SAN FRANCISCO — Google is struggling to contain a growing internal backlash over its handling of sexual harassment and its workplace culture.

Over the past week, Sundar Pichai, Google’s chief executive, and Larry Page, a co-founder of Google and the chief executive of its parent company, Alphabet, have taken multiple steps to calm its agitated 94,000-person work force. The anger arose after The New York Times revealed last week that Google had paid millions of dollars in exit packages to male executives accused of harassment and stayed silent about their transgressions.

Google later said it had fired 48 people for sexual harassment over the past two years; none received an exit package. Page and Pichai also issued apologies, with Pichai later saying his initial statement “wasn’t enough” and apologizing again. And one of the executives whom Alphabet continued employing after he was accused of harassment resigned Tuesday and did not obtain an exit package.

But employees’ dissatisfaction has not subsided. On Thursday, more than 1,500 — most of them women — plan to walk out of almost two dozen company offices around the world to protest the treatment, organizers said.
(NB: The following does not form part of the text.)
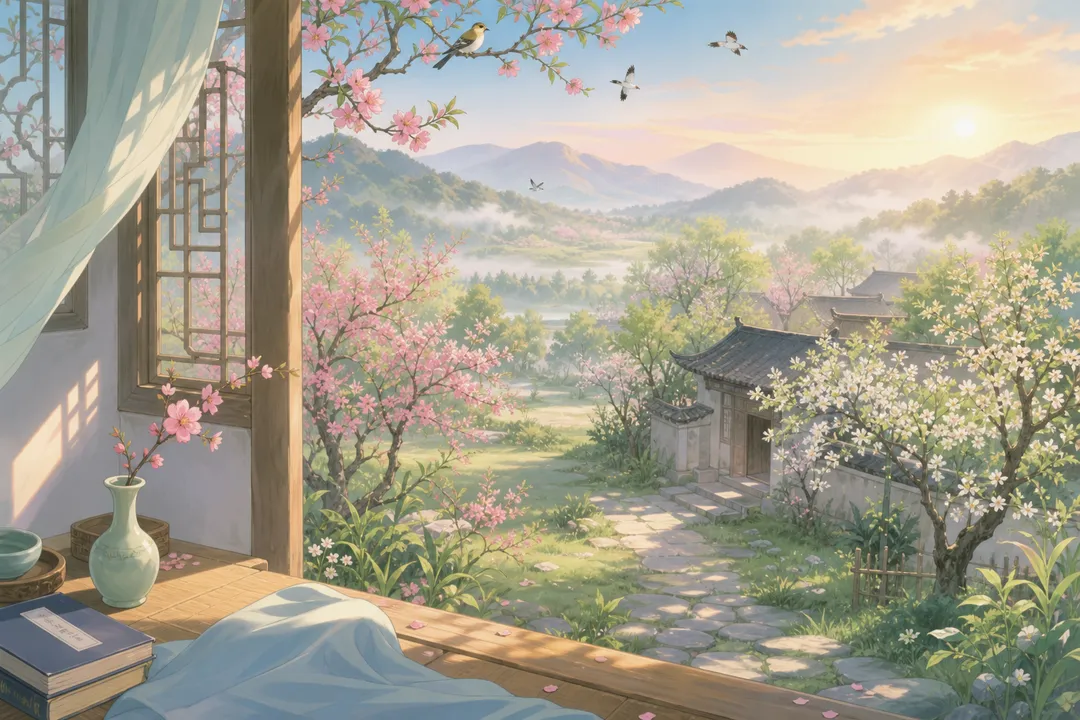 《春晓》诗意配图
“We don’t want to feel that we’re unequal or we’re not respected anymore,” said Claire Stapleton, 33, a product marketing manager at Google’s YouTube who helped call for the walkout. “Google’s famous for its culture. But in reality, we’re not even meeting the basics of respect, justice and fairness for every single person here.” The walkout is a culmination of simmering tensions at a time when Silicon Valley workers have become more activist. Tech employees once moved in lock step with their leaders to make products that they said would change the world, but the industry has come under the spotlight for causing harm rather than good. That has led engineers, data scientists and others to increasingly question how their work is being used.

Employees at Microsoft and Amazon recently protested the companies’ work with federal immigration authorities when migrant children were being separated from their families at the Mexican border. And some employees at Facebook have complained that the social network is intolerant of different political perspectives.

Nowhere has the tech employee activism been more evident than at Google. Workers have pushed back this year against the company’s artificial intelligence work with the Pentagon, saying their work shouldn’t be used for warfare. Google eventually decided not to renew its contract with the Pentagon. Employees also rebuked Pichai and other executives for developing a search engine for China that would censor results. Since then, Google has not moved forward on a search product for China.

Google declined to comment.

The treatment of female employees has been an especially charged topic at Google. Just 31 percent of its global workforce and about 26 percent of its executives are women. Google has also been sued by former employees and the Department of Labor, which claim that it underpaid women; the company has said it does not have a wage gap between male and female employees.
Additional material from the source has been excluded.